The route is five miles long and dotted with historic markers, which are definitely worth reading. You can also enjoy a great multimedia presentation at the visitors’ center. Also, make sure to check out Hartwell Tavern for a stunning look into the past. The trail is open throughout the year, but the center is only open from April to October.
South of Boston, you’ll find a stunning reservation that spans 7,000 acres and surrounds the 22 Blue Hills. Climbing to the summit of Great Blue Hill, which is the highest of the hills at 635 feet, will allow you to see stunning views of the metropolitan area.
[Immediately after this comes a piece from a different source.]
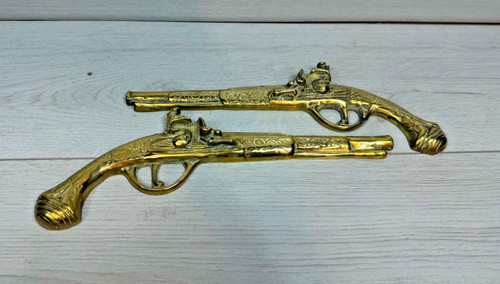 Vintage solid brass flintlock - solid,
The reservation offers a wide range of options for hiking near Boston. After all, you have 125 miles of trails to pick from. Some of the trails lead to various sites of archaeologic interest. Thus, there are sites with old quarries, with traces of farms, and even with evidence of Native Americans. It also features some beautiful natural habitats that you shouldn’t miss. You can check out marshes, ponds, or swamps, or you can hike through meadows, lowland and highland forests. You can even see an Atlantic white cedar bog.
You can pick up maps from the Blue Hill Reservation headquarters and the rangers will be happy to suggest routes. Don’t forget to check out the Blue Hills Observatory and Science Center and the Blue Hills Trailside Museum.
Though the name might sound like you’ve somehow ended up in a Pirates of the Caribbean movie, we guarantee that you’re still near Boston. Located on the south shore approximately 15 miles from Boston, World’s End is great for everyone, regardless of what you enjoy doing. There’s cross-country skiing, hiking, kayaking, snowshoeing, canoeing, horseback riding, birding, and mountain biking.
World’s End features stunning hills, known as drumlins, that were left behind when the glaciers retreated. The process cleaned the granite ledges, exposing them to the world. They are now covered in cedar and blueberry bushes.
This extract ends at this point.